March 2020 saw the suspension of federal student loan payments, interest, and collections due to the Coronavirus Aid, Relief, and Economic Security (CARES) Act. Over the previous three years, the halt was repeatedly prolonged; but, on June 7, Congress passed a law prohibiting additional extensions of the payment pause.

Please be aware that current students who are enrolled at least half-time are not eligible for reimbursement. Most federal student loans have a six-month repayment period that starts when a student drops out of school or leaves college altogether.

The Federal Student Aid website has information on first-time student loan repayment that borrowers who have never made a payment on their loans are advised to check out.

At least 21 days before to the due date, borrowers should get a bill from their loan servicer, which is the organization in charge of managing their federal student loans. The bill will include the payment amount and date. It is advised that borrowers who have not received communication from their loan servicer or who are unsure of their loan servicer may visit the Federal Student Aid dashboard to identify their loan servicer.

The Office of Student Aid is advising borrowers to take the following extra actions as repayment gets underway:

Both your profile and the profile on the website of your loan servicer should have your contact information updated.
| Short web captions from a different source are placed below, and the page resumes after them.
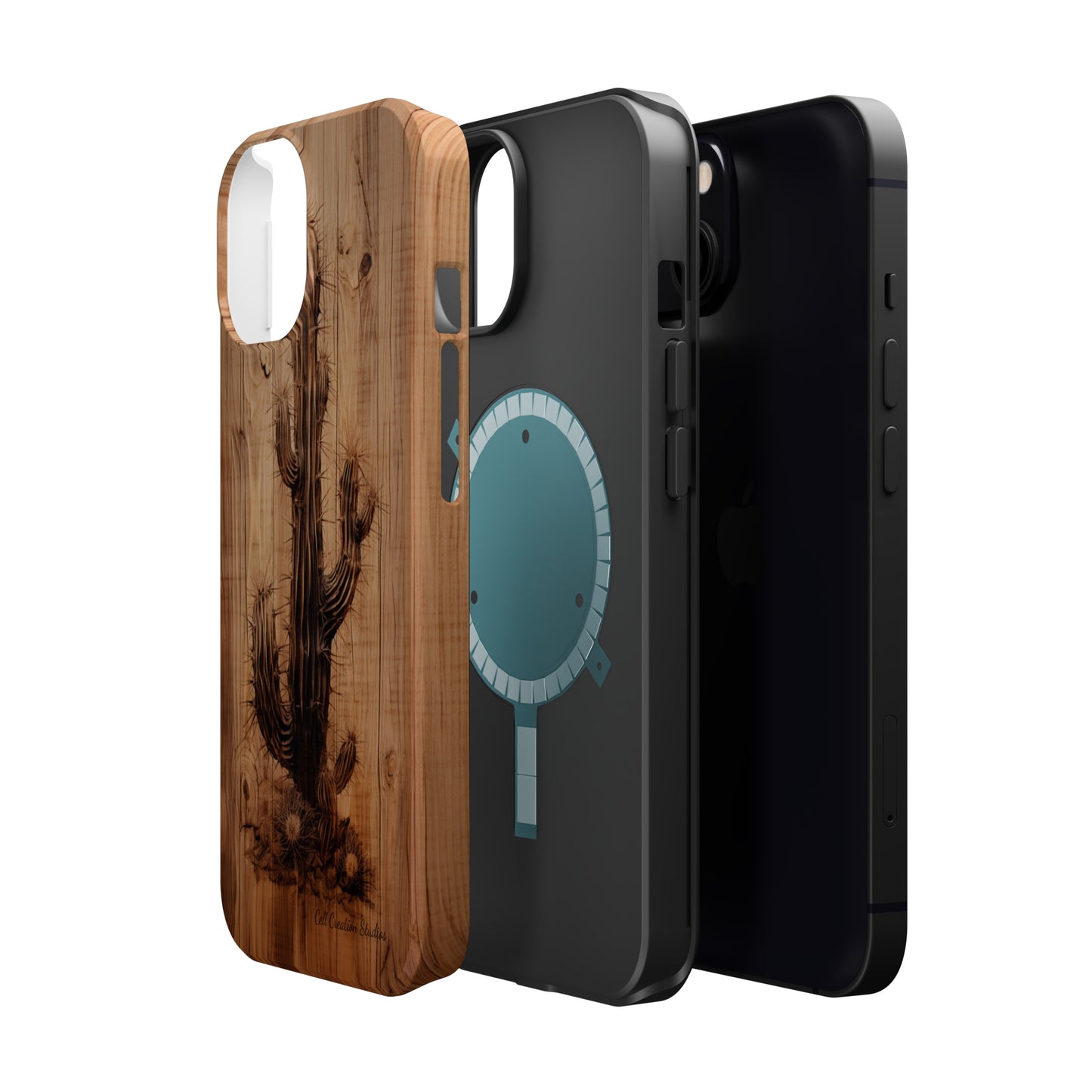 "Cactus Burnt Wood Design" Phone Case -MagSafe Tough Cases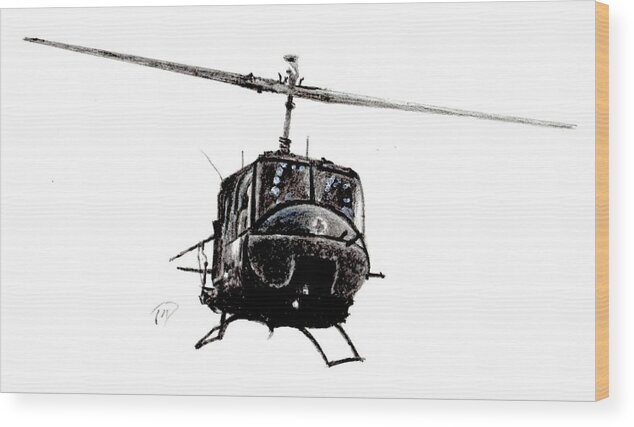 Chopper Wood Print featuring the painting Chopper by Joe Dagher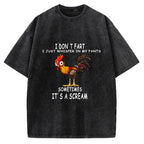 Unisex Funny Rooster Fart Meme Printed Washed Tee
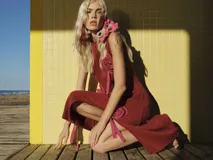 Vestido midi marrón de lurex, con cuello redondo y sin mangas. Presenta apliques de rosettes rojas en el frente y tajo lateral.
Check the status of your auto-debit enrollment or create a new one. You can accomplish this by visiting the website of your loan servicer or getting in touch with them directly. Sign in to find your loan servicer.

To determine whether to combine or discover a repayment plan that fits your needs and goals, use the Loan Simulator on

Sign up for the latest SAVE Plan. With the goal of reducing student debt, the Savings on A Valuable Education (SAVE) Plan is an income-driven repayment (IDR) scheme. Instead of using the borrower’s loan total to determine payments, the SAVE plan takes into account their income and family size. After a predetermined amount of years, any outstanding liabilities are forgiven. Visit to learn more about the advantages of the SAVE Plan and to enroll right now.

Additionally, the U.S. Department of Education established a temporary on-ramp period through September 30, 2024, to assist borrowers in effectively returning to repayment. Borrowers are shielded from having a delinquent recorded to credit reporting agencies during this on-ramp phase. By doing this, the severe effects of incomplete, delayed, or missed payments are avoided. Nevertheless, interest will continue to accumulate and payments are still required.

Visit for more details on the on-ramp phase and tools to assist borrowers in getting ready for the resume of student loan payments.